All of the data should be given again word for word, though the images are to be left out.
Data below Start Marker
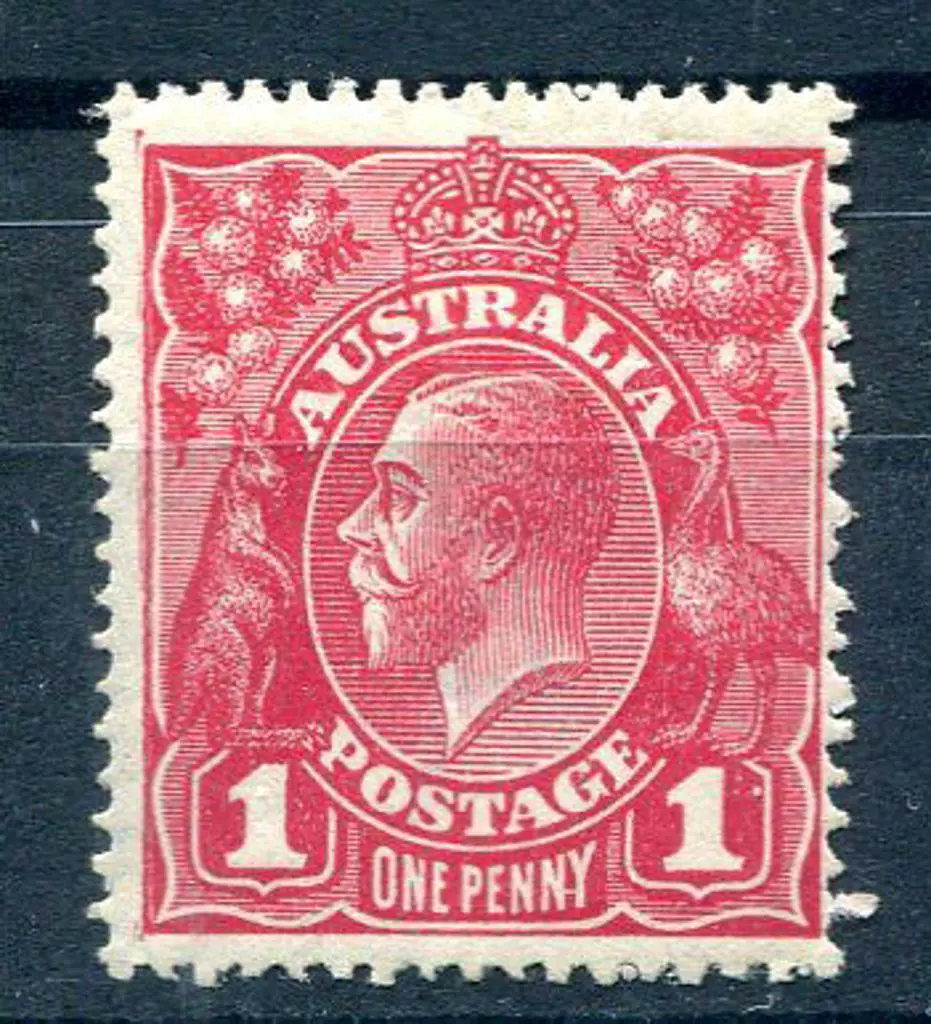 1914-20 Single Watermark 1d carmine aniline G33 ... Image 1++
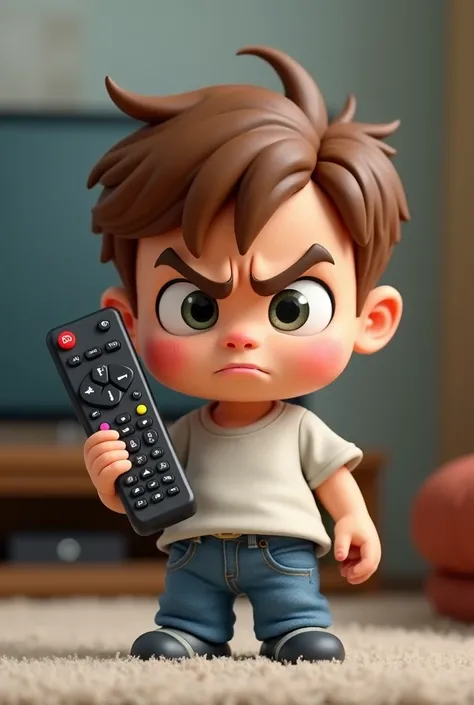 Make me a picture of a cartoon mini character boy ,  in jeans and jeans holding the tv remote with an angry expression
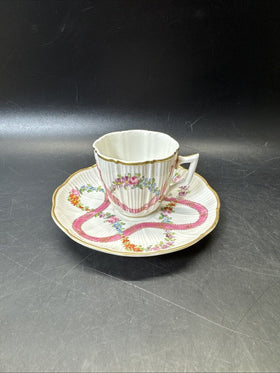 Vintage Porcelaine de Paris France Mini Cup & Saucer - Floral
Data below End Marker
Output of the task:
 1914-20 Single Watermark 1d carmine aniline G33 ... Image 1++
 Make me a picture of a cartoon mini character boy ,  in jeans and jeans holding the tv remote with an angry expression
 Vintage Porcelaine de Paris France Mini Cup & Saucer - Floral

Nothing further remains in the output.